=== Section Start ===

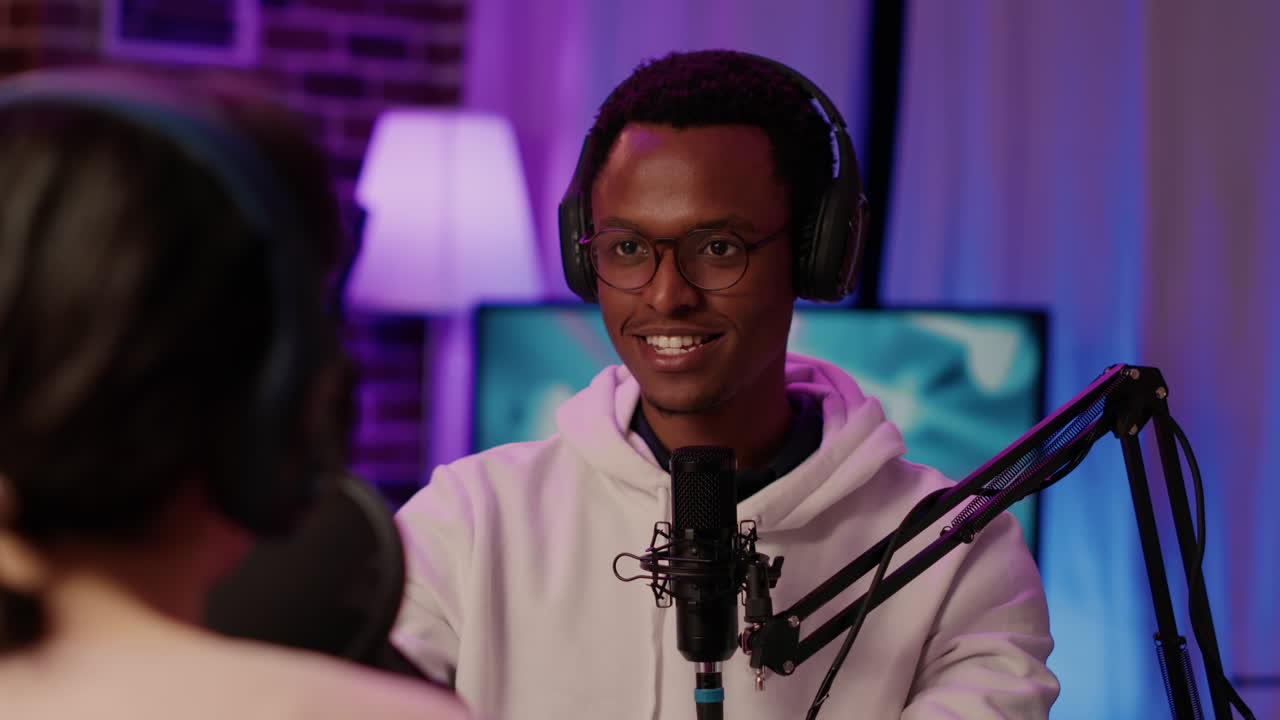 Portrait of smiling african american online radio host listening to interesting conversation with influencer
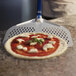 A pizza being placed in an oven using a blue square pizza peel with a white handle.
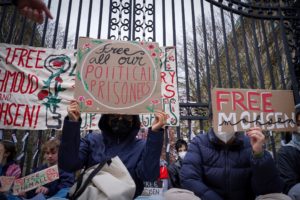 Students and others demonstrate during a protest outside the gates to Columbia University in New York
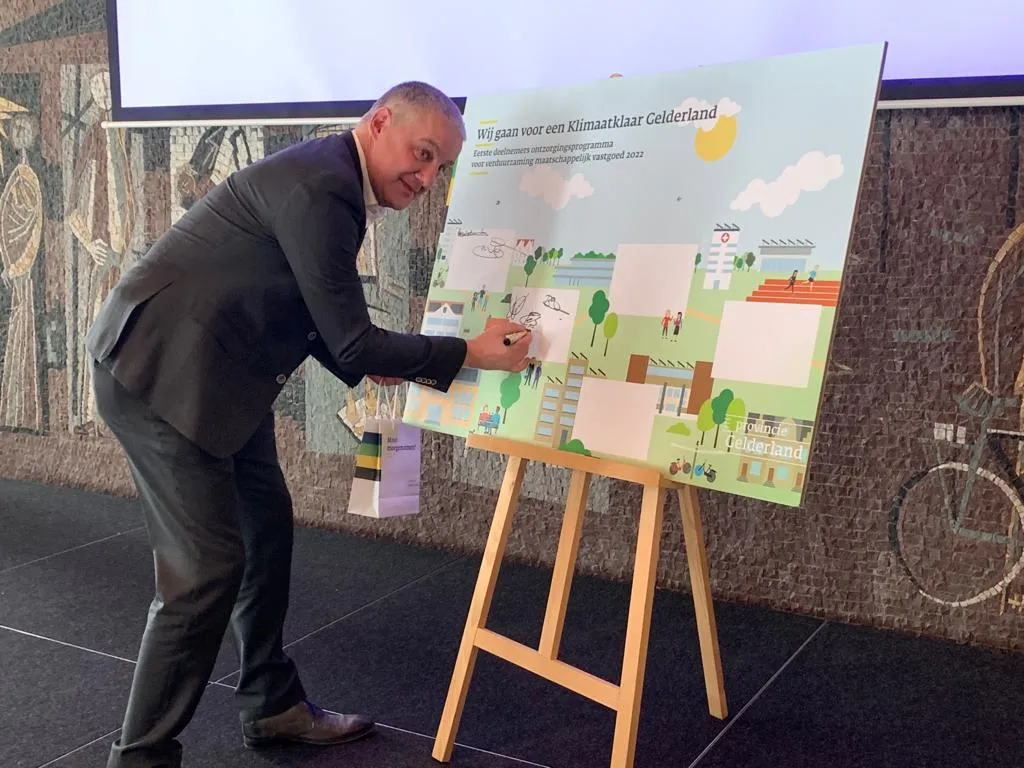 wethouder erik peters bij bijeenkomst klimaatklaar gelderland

=== Section End ===

Exercise description: In your copy of the listing, please omit the pictures and keep every word exact.

Solution for this problem:
 Portrait of smiling african american online radio host listening to interesting conversation with influencer
 A pizza being placed in an oven using a blue square pizza peel with a white handle.
 Students and others demonstrate during a protest outside the gates to Columbia University in New York
 wethouder erik peters bij bijeenkomst klimaatklaar gelderland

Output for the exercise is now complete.